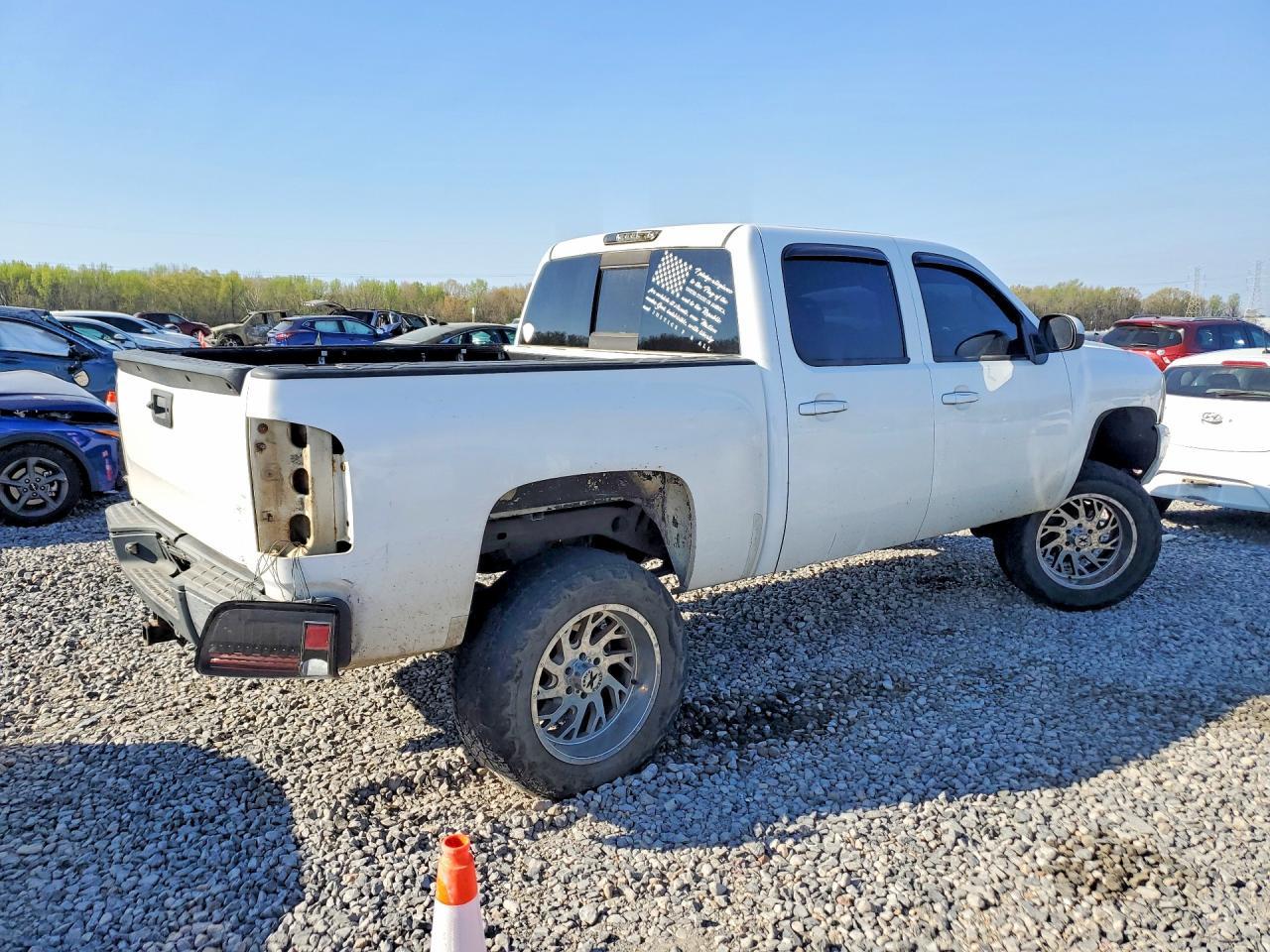 2008 Chevrolet Silverado K1500 - Фото 3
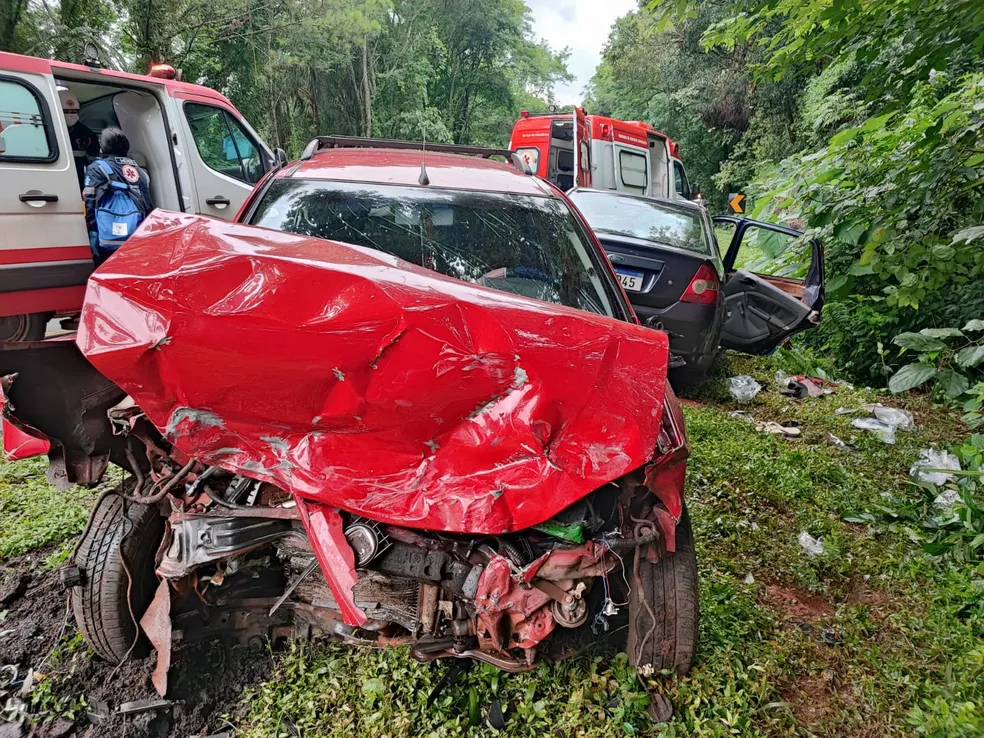 Duas pessoas morrem após carro bater em veículos e capotar em plantação, na  BR-369, em Corbélia, Oeste e Sudoeste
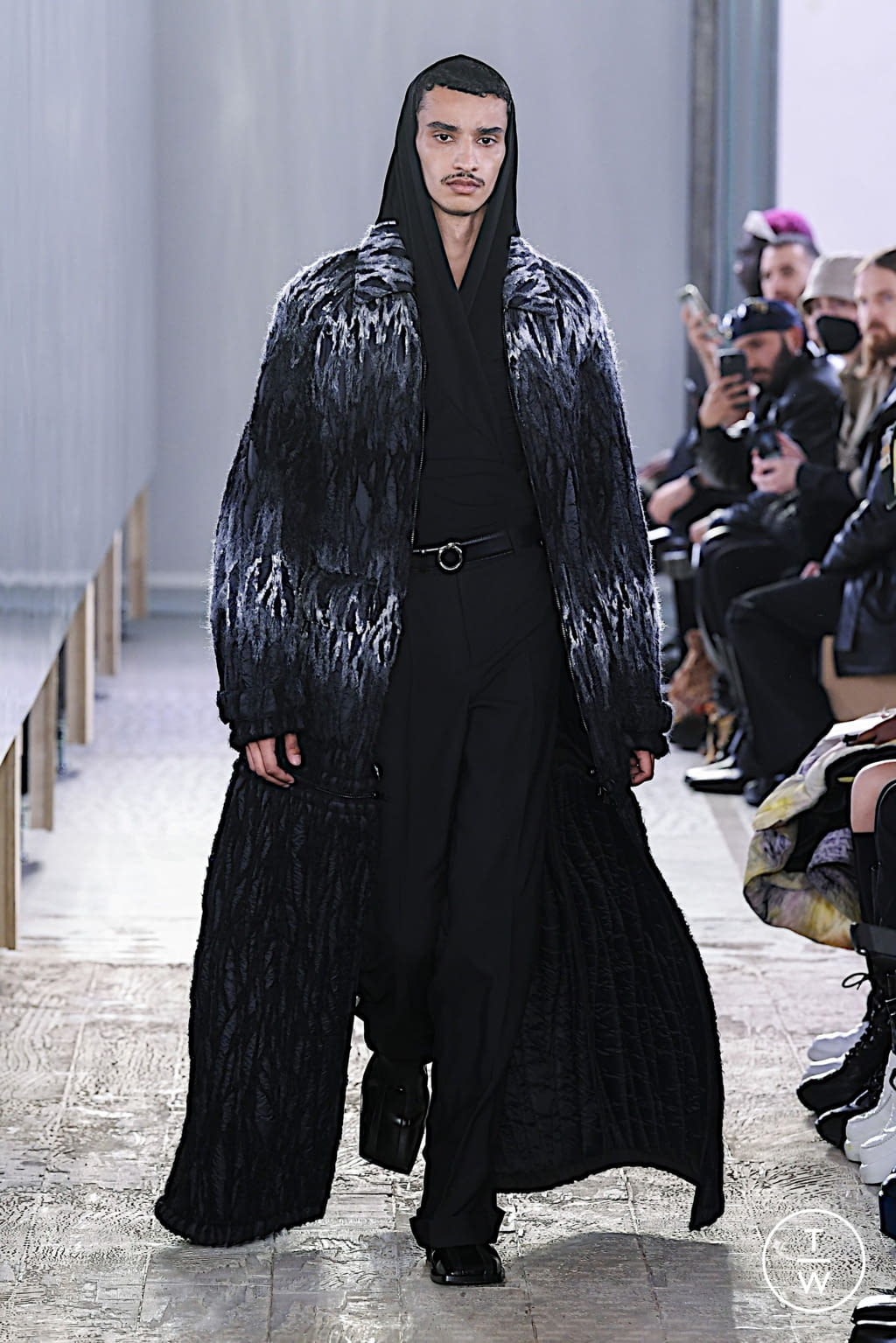 Fashion Week Milan Fall/Winter 2022 look 21 from the Trussardi collection 女装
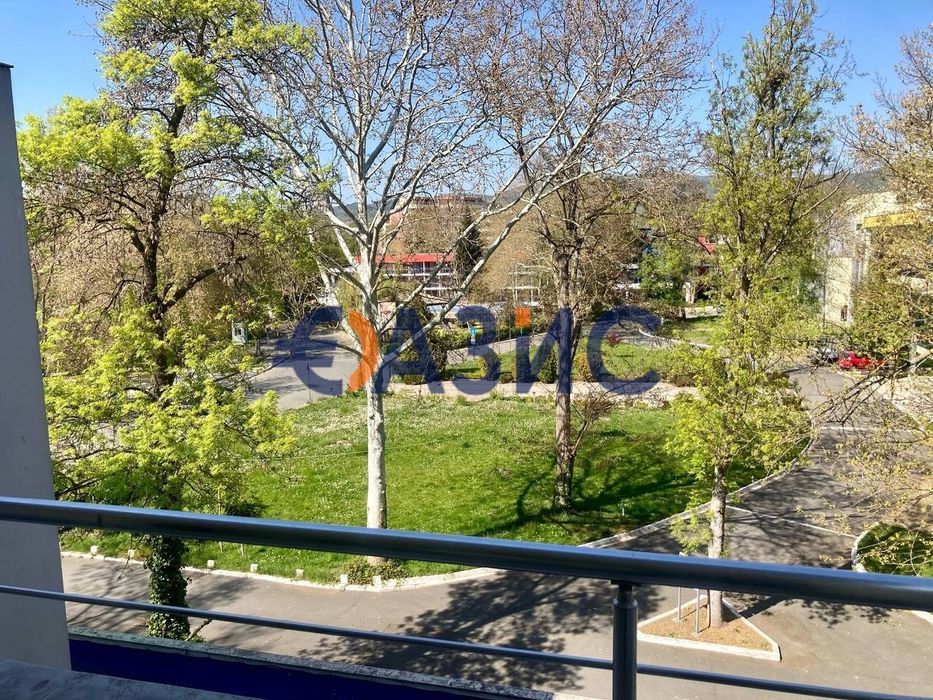 Продава се Двустаен апартамент в к.к. Слънчев бряг - 75 кв.м за 1174 €/кв.м - Снимка #3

◆ **Exercise instructions**
Copy the listing exactly. Leave the pictures out.

◆ **Output below**
 2008 Chevrolet Silverado K1500 - Фото 3
 Duas pessoas morrem após carro bater em veículos e capotar em plantação, na  BR-369, em Corbélia, Oeste e Sudoeste
 Fashion Week Milan Fall/Winter 2022 look 21 from the Trussardi collection 女装
 Продава се Двустаен апартамент в к.к. Слънчев бряг - 75 кв.м за 1174 €/кв.м - Снимка #3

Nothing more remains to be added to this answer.